_Task prompt_:
Please output exactly the lines below, starting at the line that has "X0000113090553200908281245" and ending at the line that has "SOMFY Funk-Sensor Set 2401488 (VE5)", both included; leave out all pictures and include nothing else.

_Supplied material_:
>>>

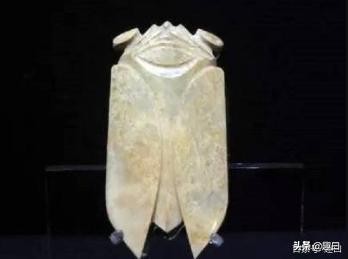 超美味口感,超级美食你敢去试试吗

<<<
>>>

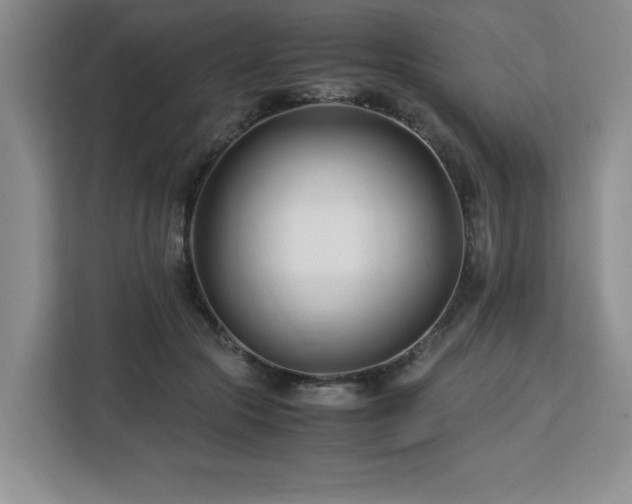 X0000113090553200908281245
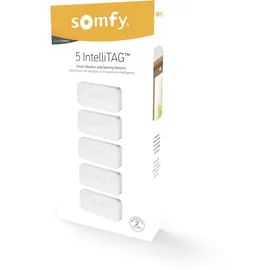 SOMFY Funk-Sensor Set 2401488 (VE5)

<<<

_Answer for the task_:
 X0000113090553200908281245
 SOMFY Funk-Sensor Set 2401488 (VE5)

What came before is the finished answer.